La lettera di Ferruccio De Bortoli alla redazione del Corriere della Sera. E’ un colpo di cannone.

Chiude definitivamente il secolo fordista. E risolve irreversibilmente l’altalena fra apocalittici o integrati, a favore dei realisti.

Non è più tempo di cullarsi nelle illusioni sul carattere momentaneo o modaiolo dell’innovazione digitale.

Il direttore del Corrierone chiede ai suoi giornalisti e con essi a tutti i giornalisti italiani, di cambiare pelle. Di mutare grammatica professionale per salvare il proprio mestiere.

La biografia del mittente della lettera dovrebbe escludere l’ennesima visione complottarda.

Fino a qualche mese fa De Bortoli era il candidato della sinistra a tutto a Milano.

Non può esserersi ridotto oggi a strumento di una bieca restaurazione reazionaria. Ma se anche fosse, se dietro le sue parole si celasse un disegno di normalizzazione politica della redazione di via Solferino, la questione non muterebbe di qualità.

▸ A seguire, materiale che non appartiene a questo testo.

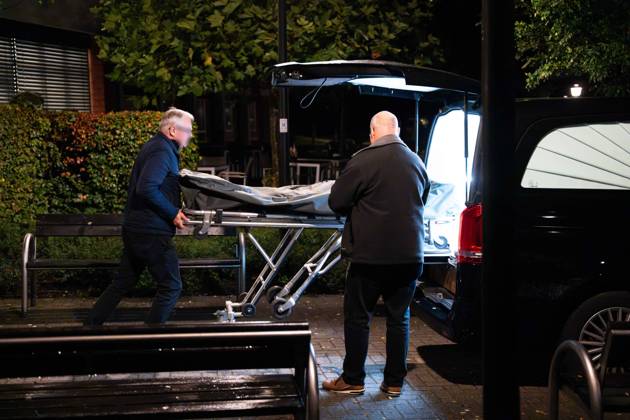 Olfen: Eine Frau tot, zwei weitere schwer verletzt – Tatverdächtiger in Gewahrsam 7aIMG: 0577241 2 Retthungshubschrauber, Feuerwehr Olfen, 3 RTW, Notfallseelsorge und Polizei - Mehrere Verletzte vermutlich eine Tote Person in Altenheim - St. Vitus Stift OlfenNordrhein-Westfalen, Olfen, Deutschland Copyright: 7aktuell.dex xMarcxGruber 0577241 20261016_7a_express_20261016_2156_577241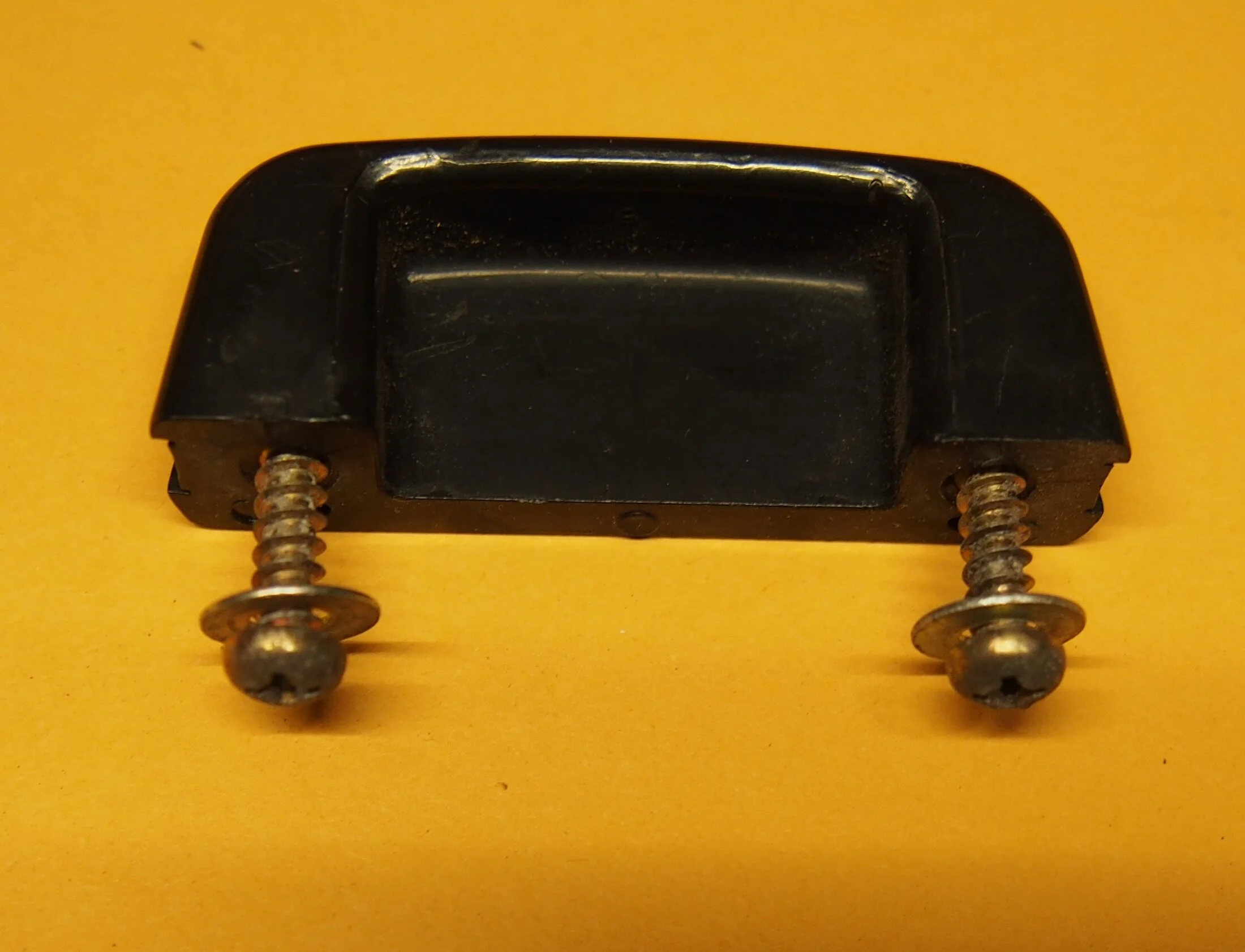 GB knob 2.webp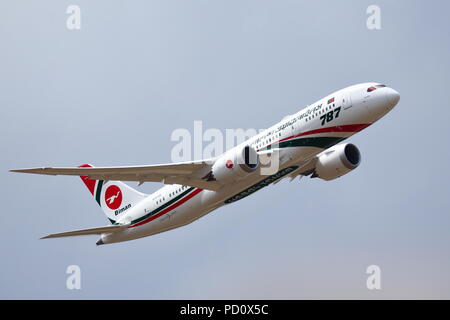 Boeing hat die 787 in der Bangladesh Airlines Bemalung auf der Farnborough International Airshow 2018 Stockfoto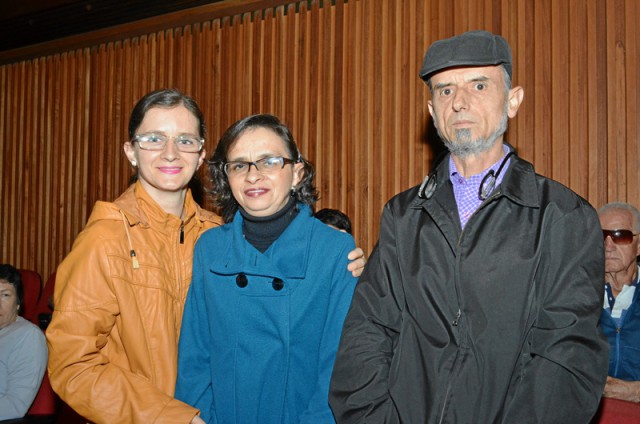 Juanita Cuesta Trujillo, Yolanda Cuesta Gómez y Hernán Osorio Galvis.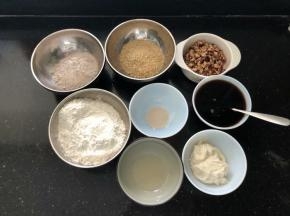 1、称量好所用的材料，红糖、盐直接和水称量在一起，搅拌至完全融化。红枣提前剪成小丁。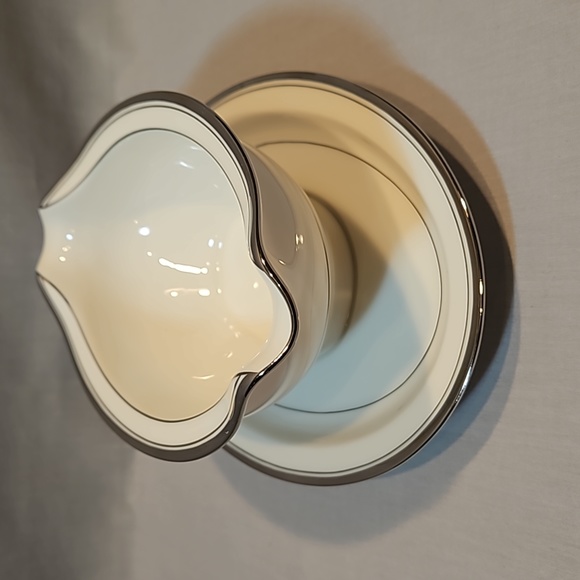 Noritake Champlain 7553 Gravy Boat w/Attached Underplate Ivory China new - Picture 8 of 9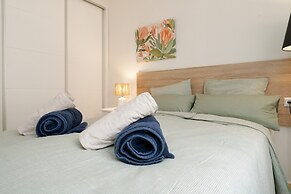 Villa With Parking Space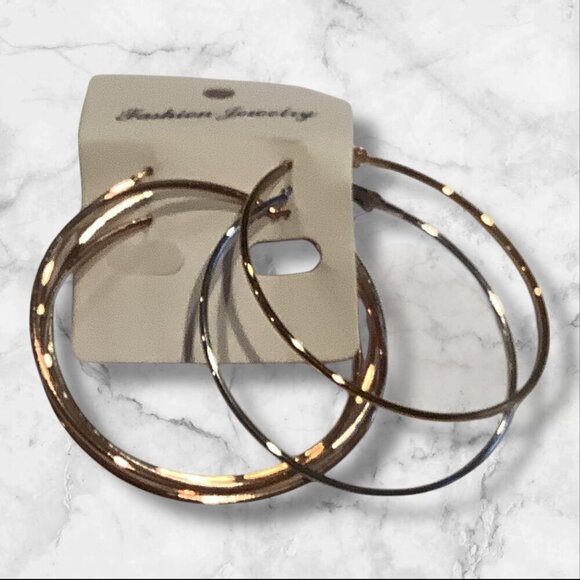 Set Of 6 Fashion Jewelry Gold & Silver Tone Hoop Earrings for Women - Picture 5 of 10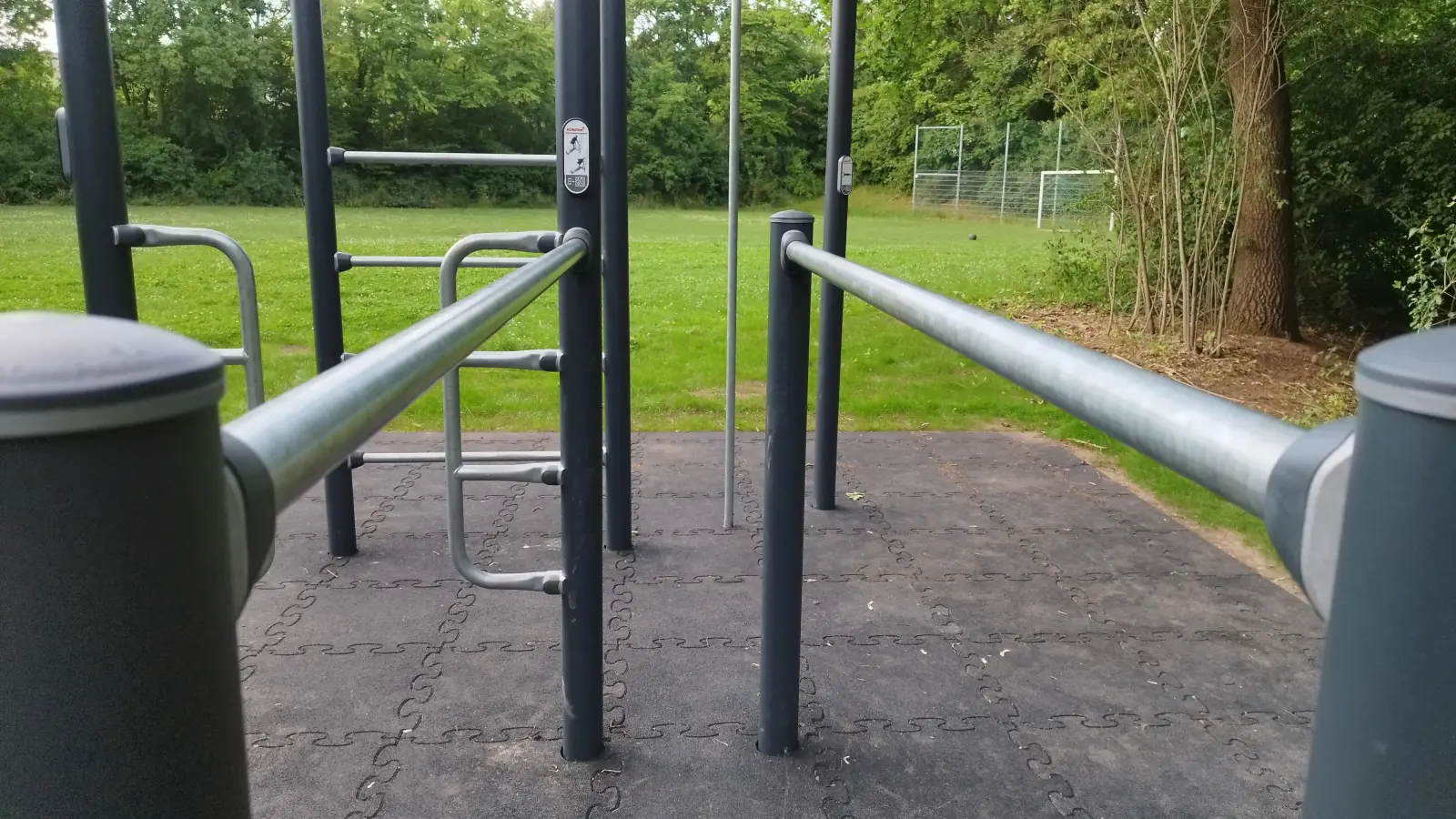 An den Stangen einer Calisthenics-Anlage lassen sich sehr viele verschiedene Übungen machen. An der Rettistraße gibt es nun die dritte öffentlich zugängliche Anlage in Ansbach. (Foto: Robert Maurer)
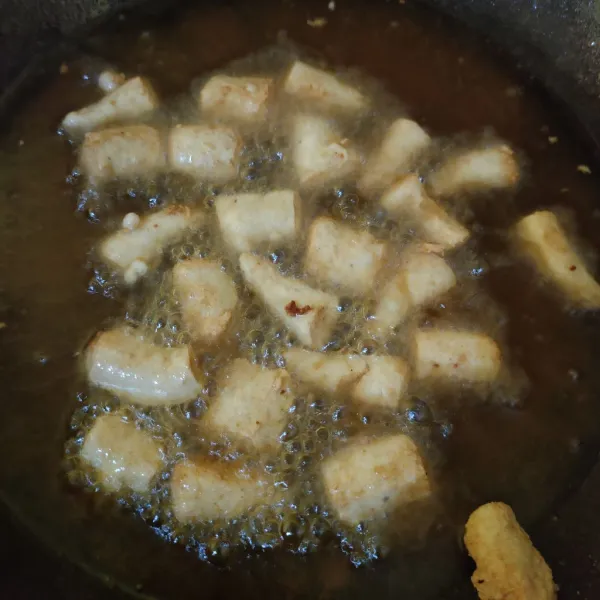 Goreng otak-otak hingga matang.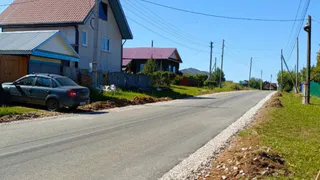 В деревнях Азамай и Чура Глазовского района заасфальтировали небольшую часть дороги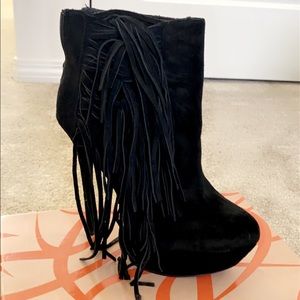Steve Madden Black Booties- Heels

Le cose che scrive De Bortoli hanno una forza propria, un’evidenza e una cristallina persuasività, che prescinde dal contesto negoziale. Il dato che pone il Corriere della sera riguarda la struttura e le modalità di trasmissione della comunicazione, e più un generale del sapere.

La sua titolarietà, e le forme sociali che rendono questo sapere più ricco e diffuso.

 

Testata corriere

 

La radice del suo ragionamento, e comunque l’essenza della realtà che ha imposto e reso indifferibile porre il problema, riguarda la trasformazione del sistema di relazioni sociali che presiede alla formazione e alla circolarità della notizia. De Bortoli parla di flessibilità e fungibilità nei linguaggi e nell’uso delle piattaforma.

Ma quello è il tratto finale del percorso in discussione.

Qualcuno, io spero la mia categoria, il mio sindacato, la mia cultura politica, dovrebbe rispondere che se quello che dice De Bortoli è vero - e cioè non deve esservi soluzione di continuità nella comunicazione di contenuti su ogni tipologia di piattaforma e di device - allora più vero ancora è che il giornale, il gruppo editoriale, lo stesso direttore, non possono pensare di rimanere le uniche torri svettanti nella liquefazione delle casematte corporative.

E’ vero, la multimedialità oggi è la natura stessa del linguaggio.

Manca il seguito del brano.